ACTION ITEM = Images appear in the records below; leave them out and repeat everything else exactly.

INFORMATION SHOWN =
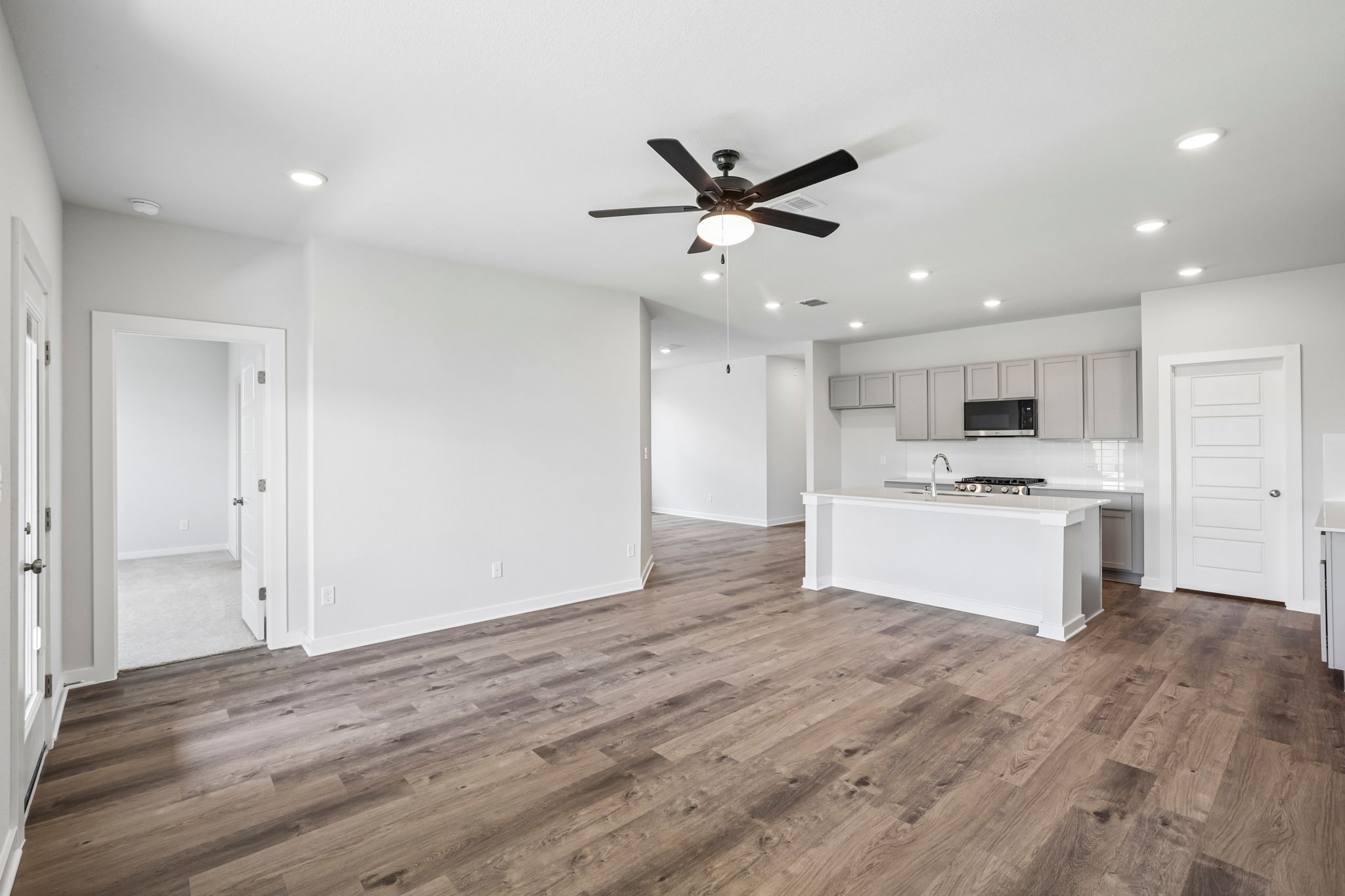 A kitchen with a wood floor.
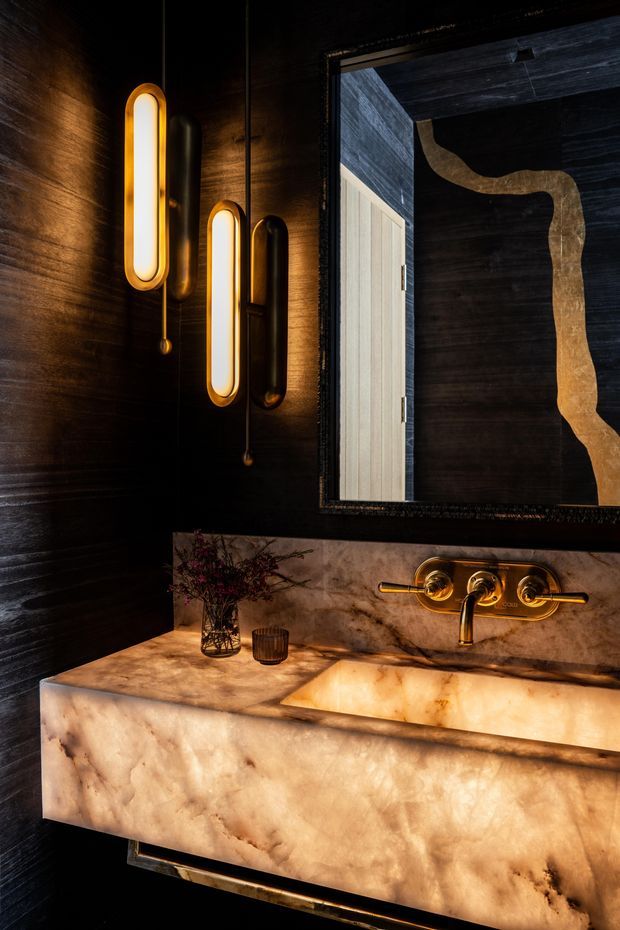 A dramatic, luxurious bathroom vanity with a floating stone basin and integrated backsplash. Dark textured wall cladding contrasts with warm translucent stone, brushed gold tapware, elongated wall sconces, and a large framed mirror reflecting a light-toned doorway or panel.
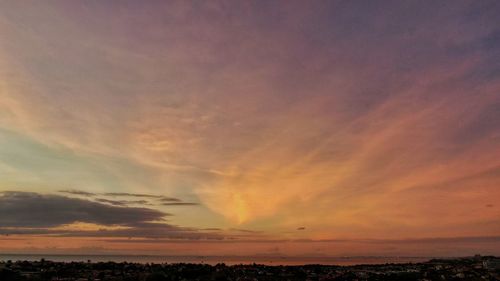 Scenic view of dramatic sky during sunset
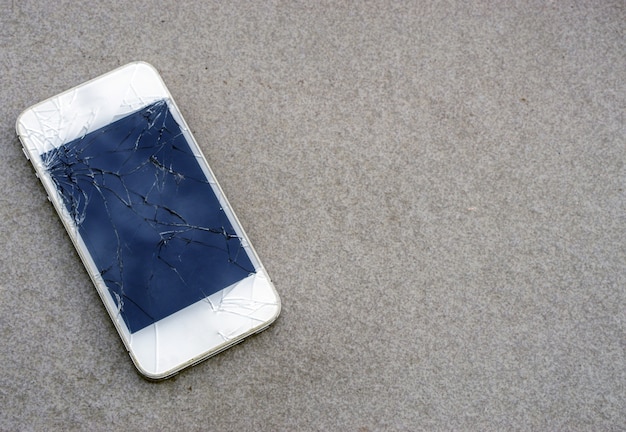 Ciérrese encima del teléfono móvil moderno con la pantalla quebrada en la carretera de asfalto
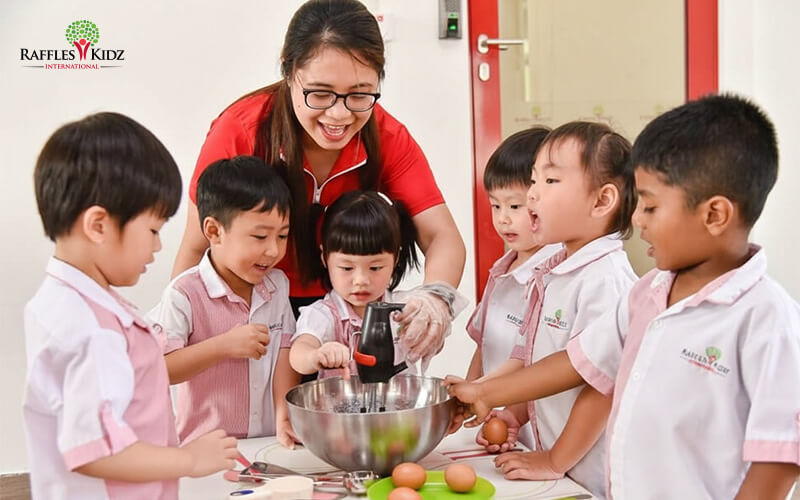 Raffles Kidz teacher guiding students during a baking activity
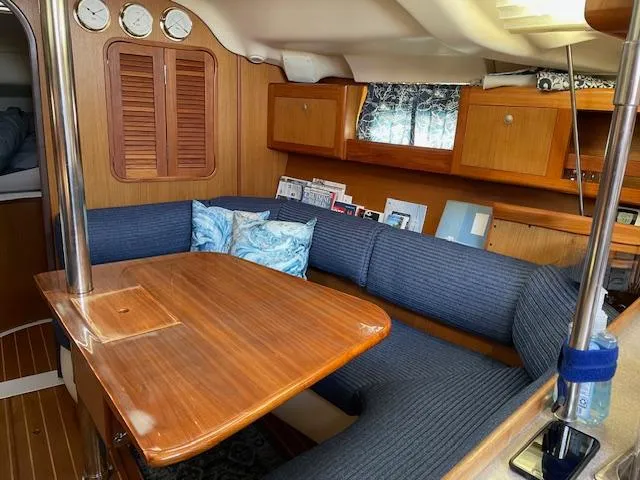 Slide: The Image of Cozy interior of a 1999 Hunter 380 sailboat with wooden table and blue seating. - 14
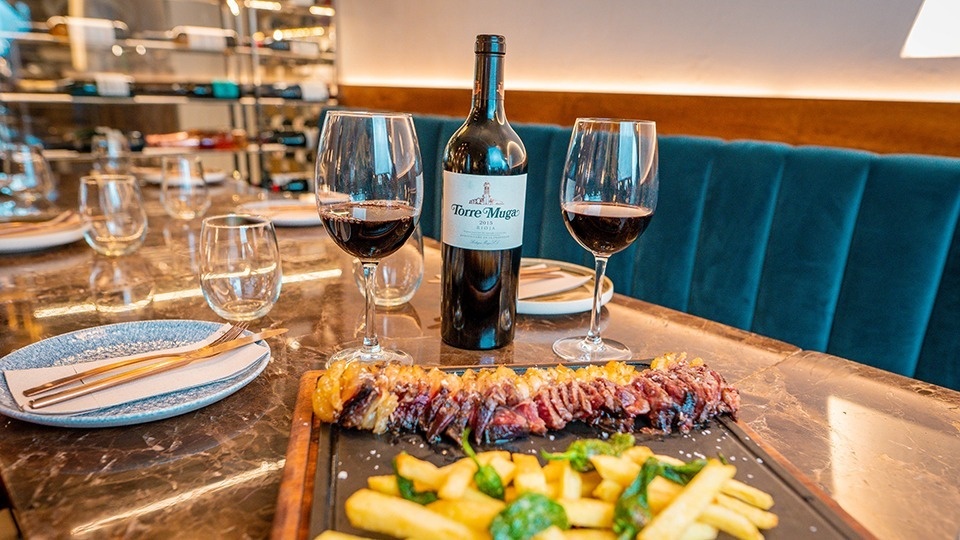 a bottle of torre magia wine sits on a table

WORKED SOLUTION =
 A kitchen with a wood floor.
 A dramatic, luxurious bathroom vanity with a floating stone basin and integrated backsplash. Dark textured wall cladding contrasts with warm translucent stone, brushed gold tapware, elongated wall sconces, and a large framed mirror reflecting a light-toned doorway or panel.
 Scenic view of dramatic sky during sunset
 Ciérrese encima del teléfono móvil moderno con la pantalla quebrada en la carretera de asfalto
 Raffles Kidz teacher guiding students during a baking activity
 Slide: The Image of Cozy interior of a 1999 Hunter 380 sailboat with wooden table and blue seating. - 14
 a bottle of torre magia wine sits on a table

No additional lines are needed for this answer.